• Data excerpts
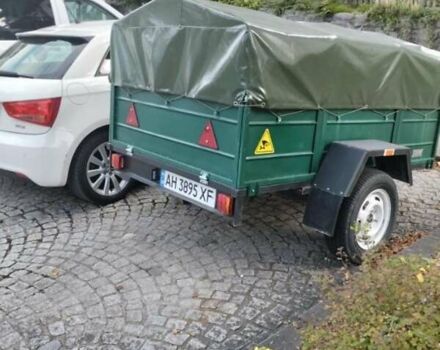 Білий Фольксваген Transporter, об'ємом двигуна 1.9 л та пробігом 460 тис. км за 5000 $, фото 18 на Automoto.ua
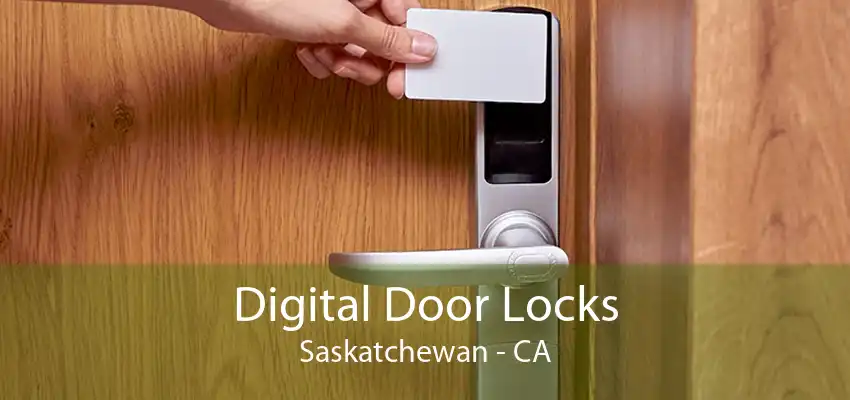 Digital Door Locks Saskatchewan - CA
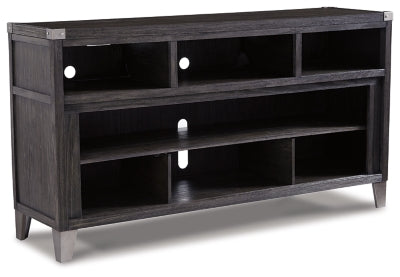 Todoe 65" TV Stand - Gray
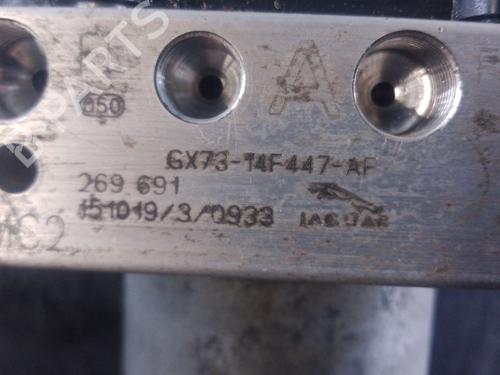 ABS pump JAGUAR XE (X760) 2.0 D | BP31904882M43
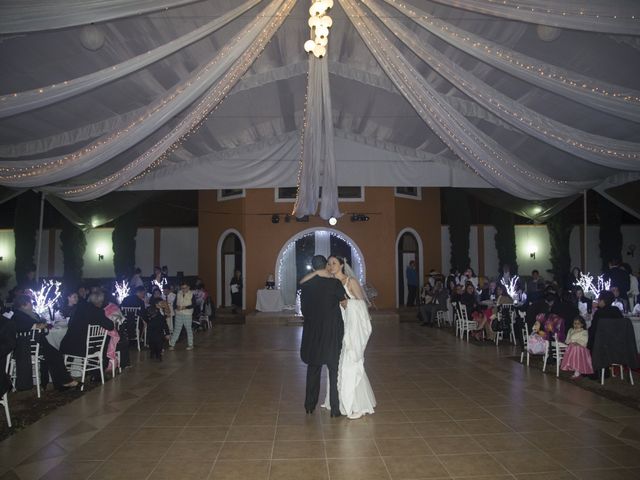 La boda de Alan y Claudia en Tlalnepantla, Estado México 18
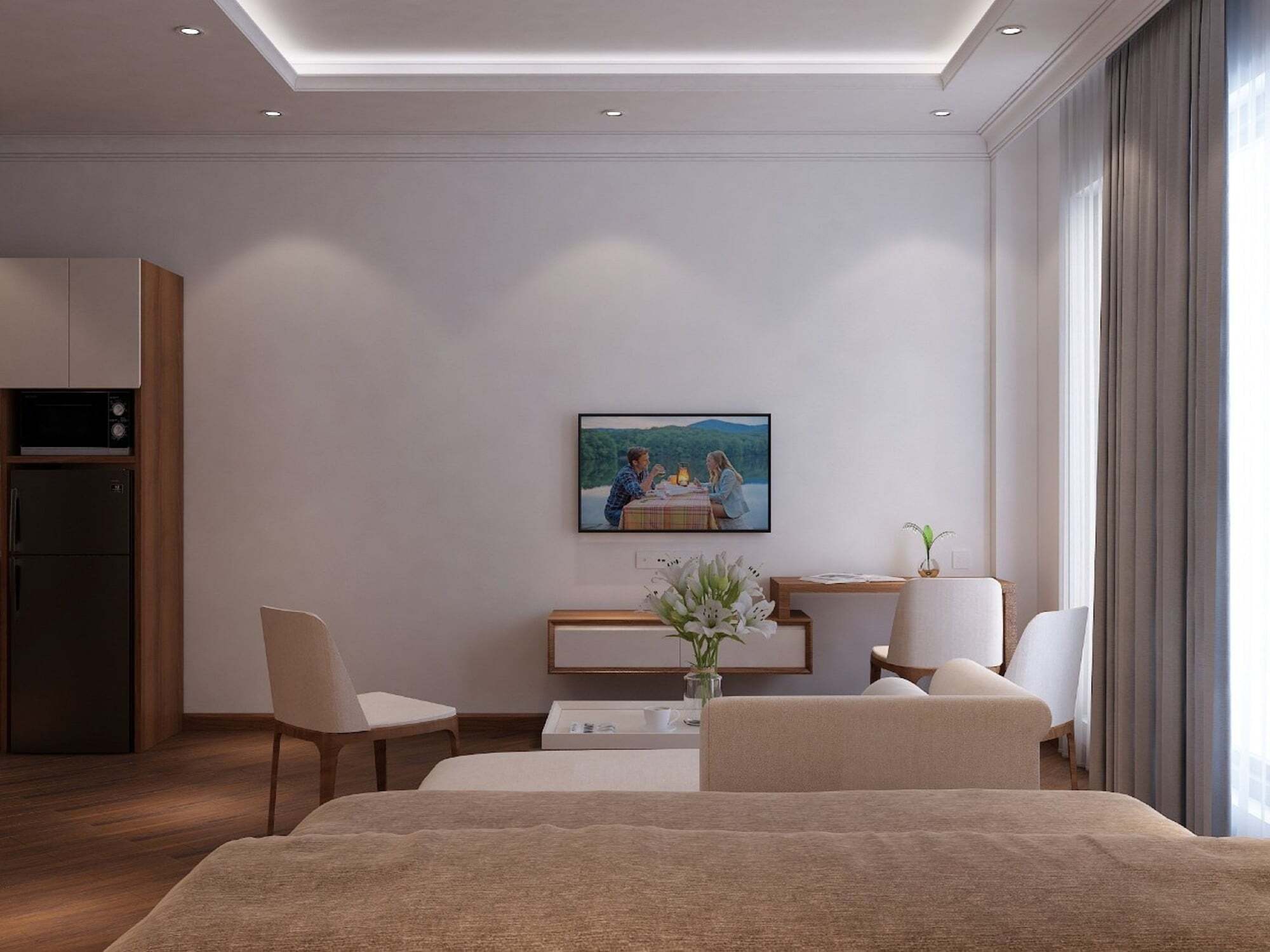 Secc 3 Apartment Bandar Ho Chi Minh Luaran gambar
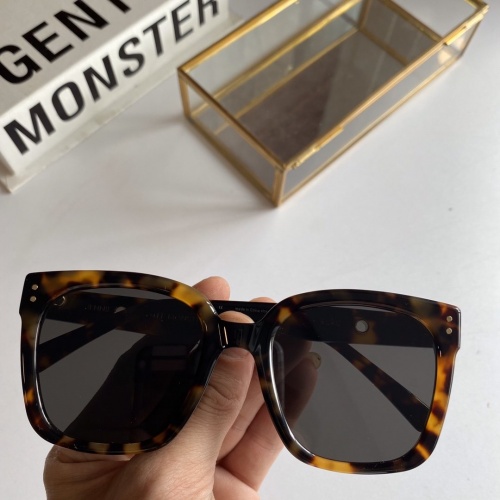 Cheap GENTLE MONSTER AAA Quality Sunglasses #764094 Replica Wholesale [$61.00 USD] [ITEM#764094] on Replica GENTLE MONSTER AAA Sunglasses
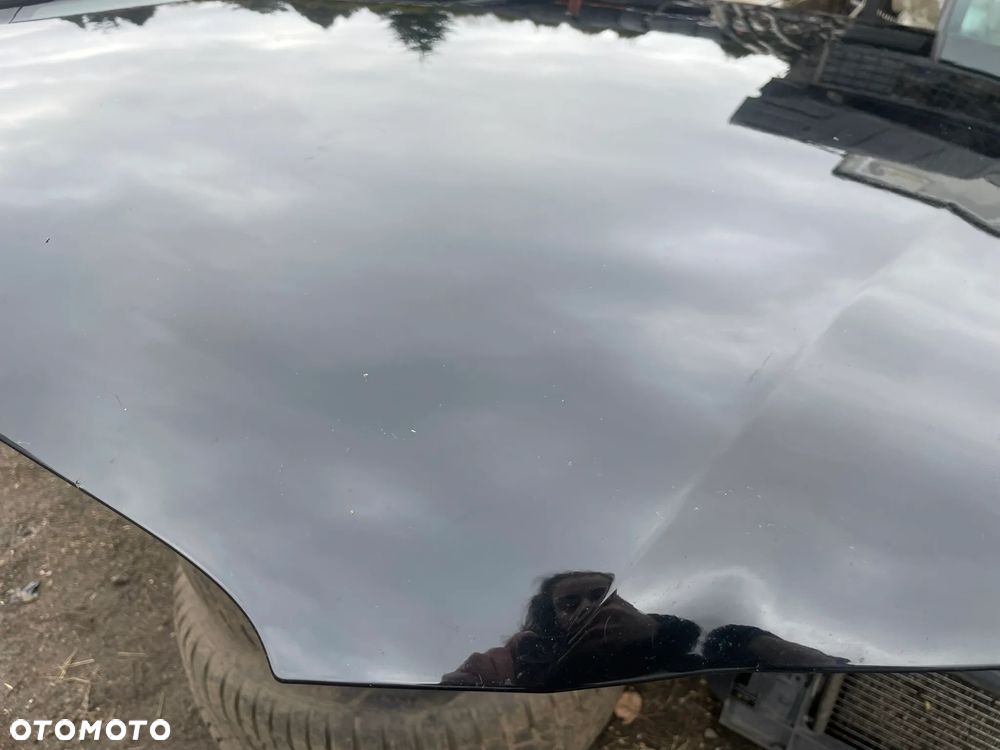 MASKA POD DUŻY GRILL  AUDI A3 8P LY9B - 2
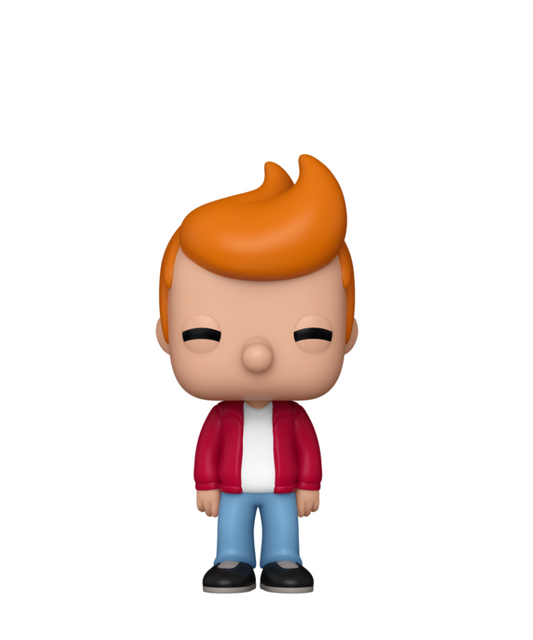 Funko Pop Anime - Futurama " Fry "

• What to produce
Write the lines above out again exactly, without any of their pictures.

• Answer section
 Білий Фольксваген Transporter, об'ємом двигуна 1.9 л та пробігом 460 тис. км за 5000 $, фото 18 на Automoto.ua
 Digital Door Locks Saskatchewan - CA
 Todoe 65" TV Stand - Gray
 ABS pump JAGUAR XE (X760) 2.0 D | BP31904882M43
 La boda de Alan y Claudia en Tlalnepantla, Estado México 18
 Secc 3 Apartment Bandar Ho Chi Minh Luaran gambar
 Cheap GENTLE MONSTER AAA Quality Sunglasses #764094 Replica Wholesale [$61.00 USD] [ITEM#764094] on Replica GENTLE MONSTER AAA Sunglasses
 MASKA POD DUŻY GRILL  AUDI A3 8P LY9B - 2
 Funko Pop Anime - Futurama " Fry "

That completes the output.